DESCRIPTION OF THE TASK: In the listing below, locate the line with "Deep Crystal Blue" and the line with "Robe chemise okaidi 5 ans", then output both and everything between them exactly, minus any pictures.

RECORDS TO USE:
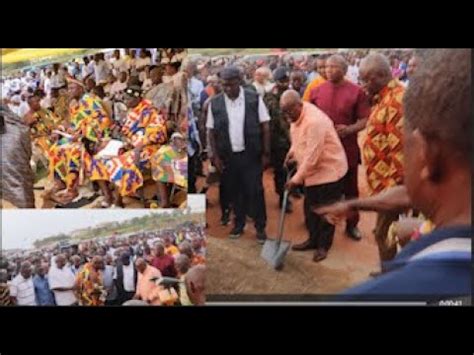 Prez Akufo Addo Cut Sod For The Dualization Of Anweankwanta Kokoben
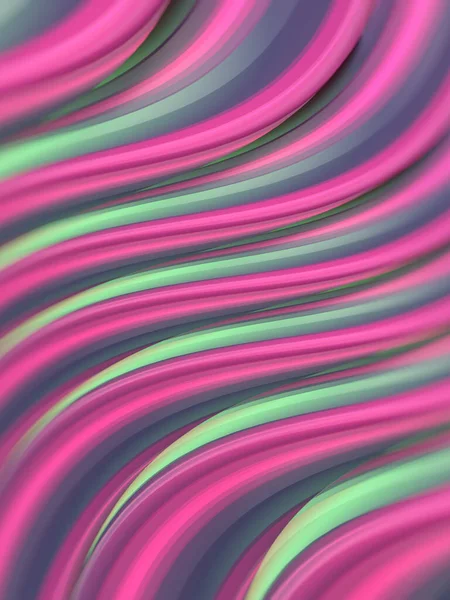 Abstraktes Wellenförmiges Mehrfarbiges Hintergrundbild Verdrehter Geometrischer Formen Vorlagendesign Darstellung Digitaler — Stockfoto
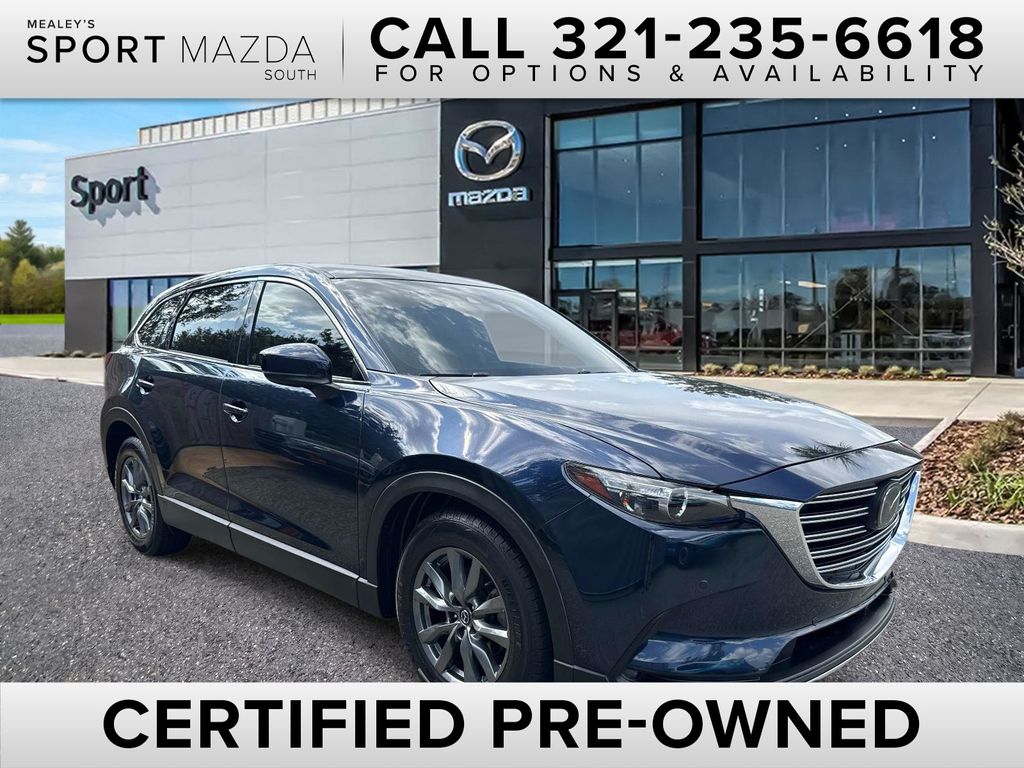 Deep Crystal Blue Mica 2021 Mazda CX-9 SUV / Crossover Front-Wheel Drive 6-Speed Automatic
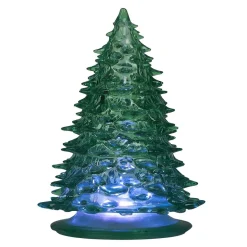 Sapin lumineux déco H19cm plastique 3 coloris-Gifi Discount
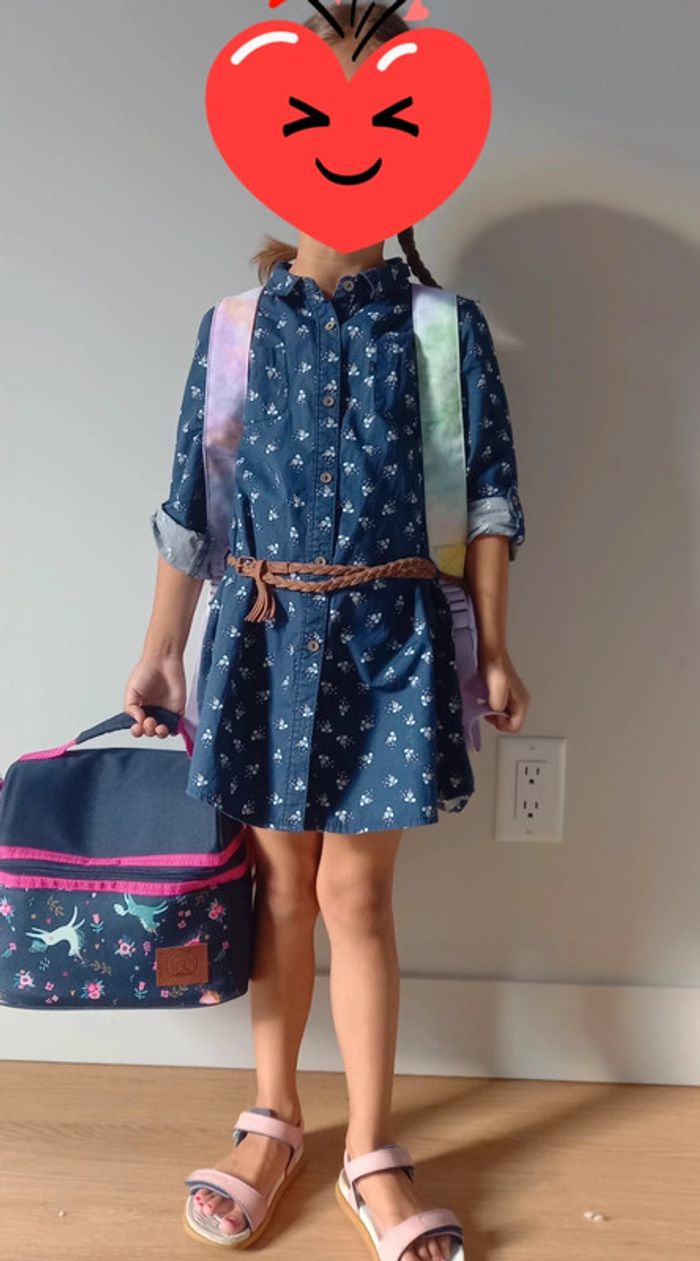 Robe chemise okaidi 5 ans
* * *
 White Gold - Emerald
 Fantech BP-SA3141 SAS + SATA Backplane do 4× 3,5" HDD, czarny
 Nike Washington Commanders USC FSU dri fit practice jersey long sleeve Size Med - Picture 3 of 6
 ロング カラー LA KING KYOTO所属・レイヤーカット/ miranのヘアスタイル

EXERCISE RESPONSE:
 Deep Crystal Blue Mica 2021 Mazda CX-9 SUV / Crossover Front-Wheel Drive 6-Speed Automatic
 Sapin lumineux déco H19cm plastique 3 coloris-Gifi Discount
 Robe chemise okaidi 5 ans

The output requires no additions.